I am 40, yet i feel 16 when I look out my window and watch the warm October sun roll up the hills outside my apartment. Partcularly this week brings home many memories of childhood events, fun and gaiety spent in the folds of forgotten history. I watch through clouded memories, images of an old grandma, doting parents, noisy siblings. I smell the century old recipe that has lodged in the deep recess of my olfactory nerves. I hear endless sounds of preparation for the occasion, the merry making and excitement of a full household. This week brings to me the significance and festivities of Dasai - an annual home coming culture, which brings home the flock and shepherd together, once again.

I never realised the sands of time burying us deeper and deeper as culture gave way to modern urgencies. The demands of a boarding education, challenges of turning into a progressive citizen, career competition and the metamorphosis of cultures and societies continued to bury us even deeper. Many festivals including Dasai came and went as simply another date on my wall calendar. The home coming and bonding became blurred as the dates marked just another wining & partying evenings.

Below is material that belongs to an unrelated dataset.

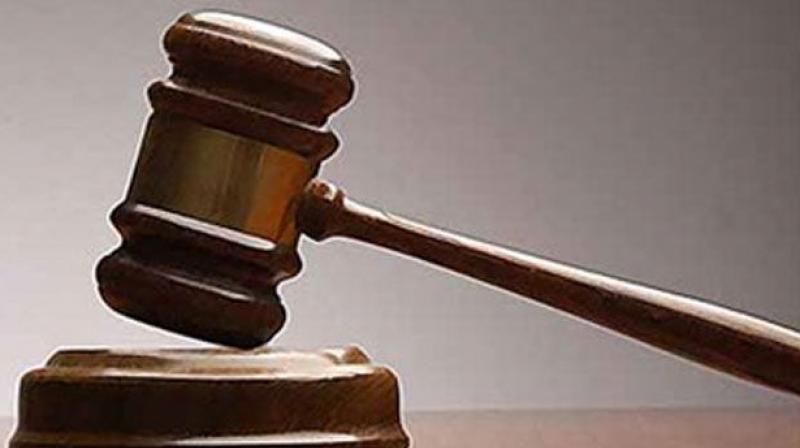 Al-Dahab admitted that he operated a communications hub for terror operatives out of his residence in California. (Photo: File/Representational) Al-Dahab admitted that he operated a communications hub for terror operatives out of his residence in California. (Photo: File/Representational)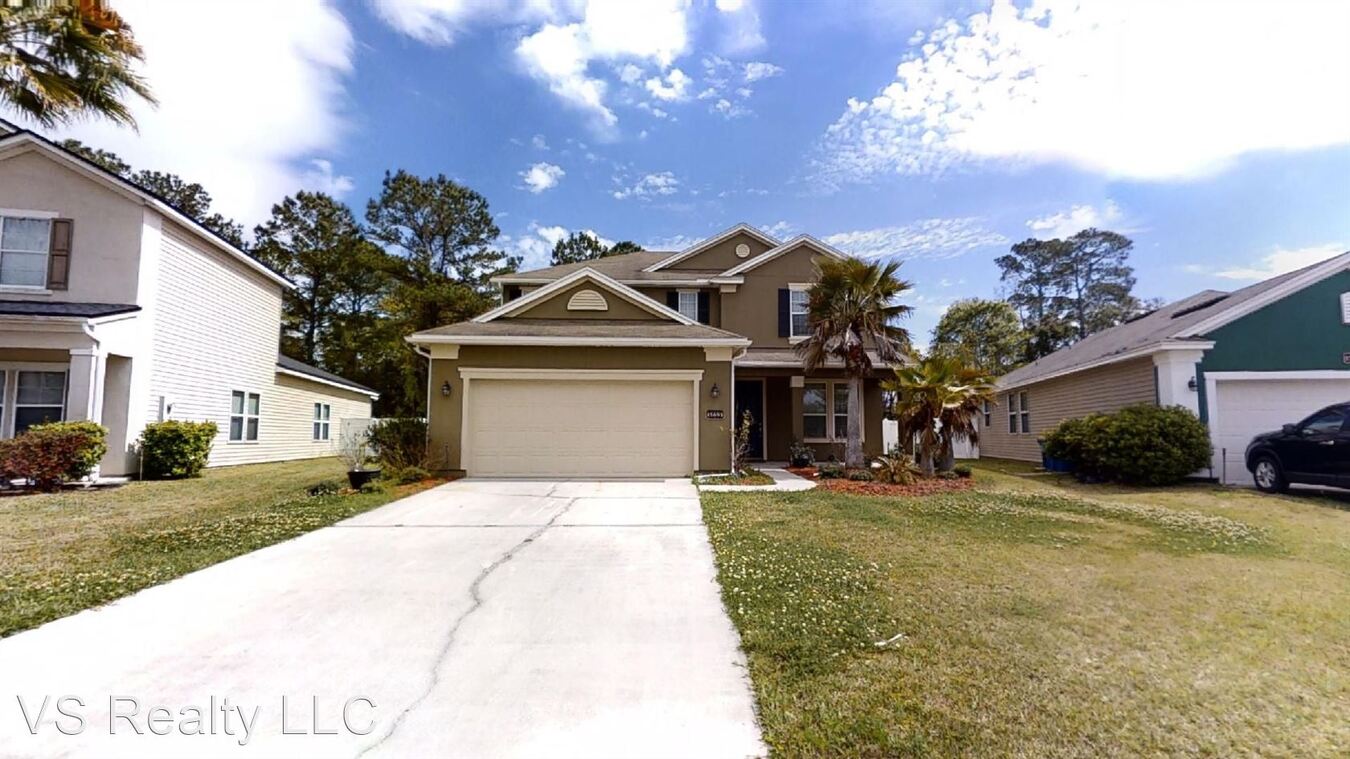 15695 Lexington Park Blvd Jacksonville, FL House for Rent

I look at my daughter working on her science project, oblivious to the significance of this week in my memories. I then tell her many accounts from the archive of my mind, but only get a superficial nod of understanding. Obviously, our children have missed out on the celebrations and actual festivities.

I take a bold step this week. I am preparing to take my wife and daughter home to my parents, to revive the culture, to re-kindle the true meaning of Dasai as family get together, and to re-establish fragmented bonds and disjointed cultures. Evolution should strengthen these bonds and not mutate them into some different guise.

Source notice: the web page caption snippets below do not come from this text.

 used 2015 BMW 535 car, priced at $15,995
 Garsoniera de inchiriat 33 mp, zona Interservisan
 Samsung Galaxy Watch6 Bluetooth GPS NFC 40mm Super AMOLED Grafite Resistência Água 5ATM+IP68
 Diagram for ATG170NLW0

As we come together this week as grandparents, parents, sons, daughters, husbands, wives, grandsons, grand-daughters, uncles, aunts, friends, cousins, relatives I hope to re-establish all broken bonds and awaken the feeling and significance of this simple but important date of home coming.

I look forward to re-live the colours, taste, sights and sounds of my childhood together with my family and friends. Our children will hopefully continue these with their children, and so on.

In this spirit, I wish to extend my warmest thoughts to all who celebrate Dasai or any other home coming festival this year, and ever.